OS X Gaming Journaled is a series where I document games that I’ve played (or replayed) that don’t warrant a full review, as well as my recent experiences as a Mac Gamer.

Having moved, I found myself without internet access for over a week*. So of course, this proved to be one of the biggest for Mac releases, with Hitman: Absolution, Van Helsing II (scheduled, but apparently the Mac version is now delayed), and without any warning, Modern Warfare 2 and 3. Oh yeah, and there was also a special event in Diablo III, where you could spend a whole week stockpiling legendary items (doubly annoying because Diablo III was a game that I actually felt like playing, for the first time since reviewing Reaper of Souls). So I missed all of that. I was actually going to try tethering my mobile to my Mac Pro to see how Diablo III performed under such conditions, but apparently I blew my entire month’s tethering credit in a single night just by giving the family laptops and iPads access to it. Word to the wise: this is when automatic updates and cloud backups are definitely NOT a good idea.
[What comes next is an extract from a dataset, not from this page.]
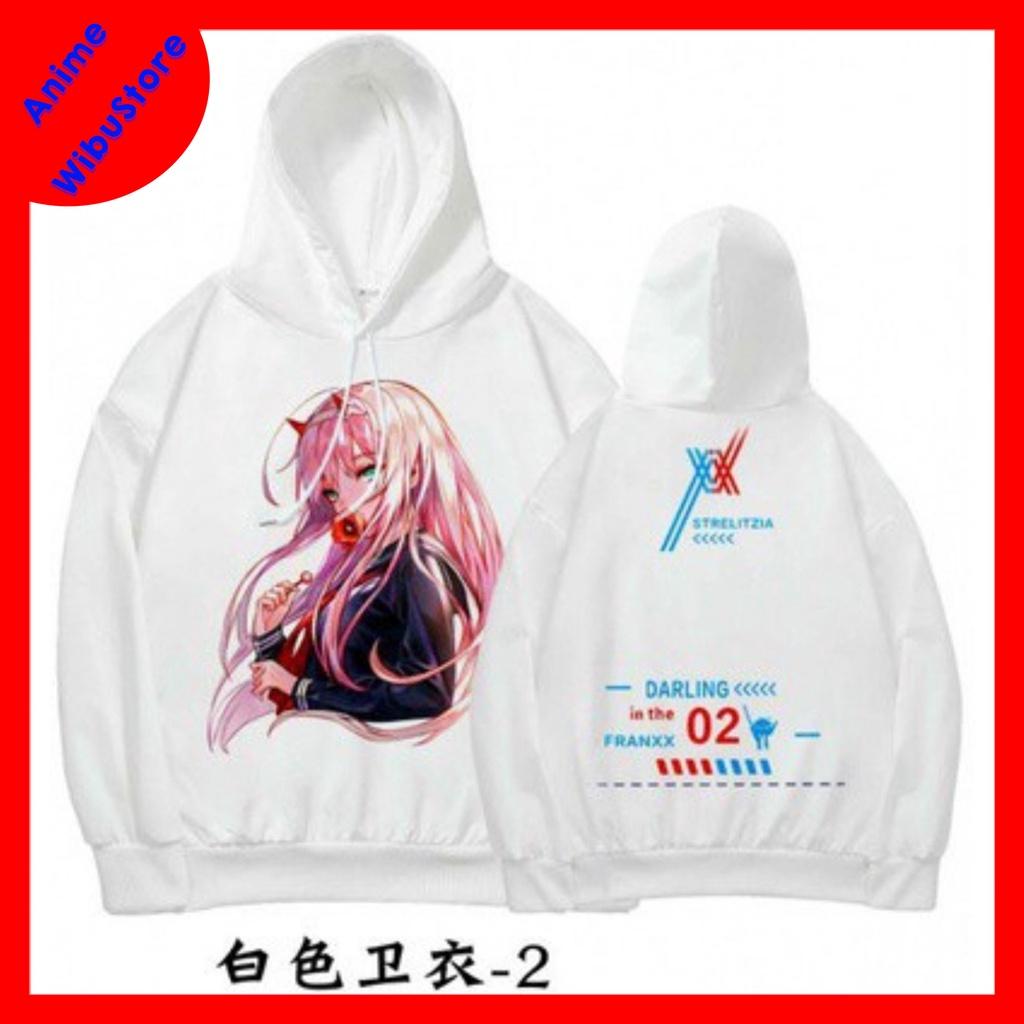 BST Áo Hoodie Trắng in hình anime Darling in The franxx mẫu in nhân vật Zero Tow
One good decision I did make was to put Steam into offline mode before getting disconnected. It’s a bit of a weird experience booting up Steam in offline mode; it just looks like a ghost town with no friends online (even for a miserly git like myself) and no store front peddling shovelware at you. Still the games work (except the multiplayer ones, of course), so I thought maybe I’d finally get round to the second episode of The Wolf Among Us, or maybe the more recent, third episode of The Walking Dead Season 2, but then I remembered that part of the fun of those games is comparing your choices to everyone else’s, a feature that won’t work offline.

Given that two Modern Warfare games had just dropped, and for some reason I hadn’t quite completed the first (Call of Duty 4), it seemed like a good starting point. Except for this:


To Steam’s credit, many other games I tried out in offline mode did seem to work (though the client itself was a bit flaky in Big Picture mode; though of course, it could have been due an update), but I couldn’t shake the feeling that I was having a much lonelier experience somehow (as Steam puts it, “Friends is not available in offline mode”), despite the fact I spend the vast majority of my time playing single-player games. As such, it became rather difficult to find a game I wanted to play for the sake of playing (and to relieve the general stress of moving).

So it was that I turned to my Gog.com collection instead, wherein lay a number of games that had no knowledge of the outside world in any form. Gog doesn’t have an offline mode, you just have to make sure you’ve actually downloaded the game you want to play before going offline first. Fortunately I make a habit of doing this whenever I get something from Gog, even if I know I probably won’t be playing it any time soon, so I figured the time was right to load up Icewind Dale, a game that I don’t think I ever played to completion.

And then this happened:


I had no choice but to press cancel, which then made this happen:


I thought that perhaps I could move on to Icewind Dale 2, but I was dissuaded by the possibility that I’d be missing some important plot points, or that, having played ID2, there’d be no point going back to play the original. Without a Google/DuckDuckGo to hand, I couldn’t do the proper research.

So I had another look through my collection, this time turning to Mac App Store games (which are all blissfully unaware of the existence of the Internet, and all seemed to run without complaint). The first port of call was to finally tackle Star Wars: Empire At War, a highly-praised strategy set in the pre/post-Jar-Jar Binks universe. It ran perfectly well, I played through the first (of 7) tutorials, but that proved to be too much for my weary brain. This was the point where ordinarily I’d load up a YouTube video of a Let’s Play to get the gist of it, but of course that wasn’t an option.

I returned to the collection, at which point Violett caught my eye. It’s a point-and-click adventure, another one of those games that no-one really bothered to review, despite it getting a fair bit of the spotlight on various store pages when it was released, and seeming to have good production values. I fired it up, and to my chagrin, I realised it had taken me until this point to realise I’d plugged my desktop speakers into the microphone socket of my Mac Pro (professional tip: if you own a Mac Pro circa 2010, keep the box it came in if you ever intend to move it anywhere). OS X is really quiet when you don’t have Skype, Messages, or Mail running, at least that’s my excuse.

Playing a more traditional point-and-click adventure game is actually a great thing to do when the web’s out, as there’s no temptation to look up solutions in a walkthrough, but then on the other hand, if you get stuck there’s not much you can do about it. Despite the game’s built-in help system, I got stuck on the very first screen (where you have to move a paperclip around), and decided to call it a day.

 * Hence no reviews or journals on the site for a while, because for some reason I didn’t plan ahead and schedule one for last week like I normally would.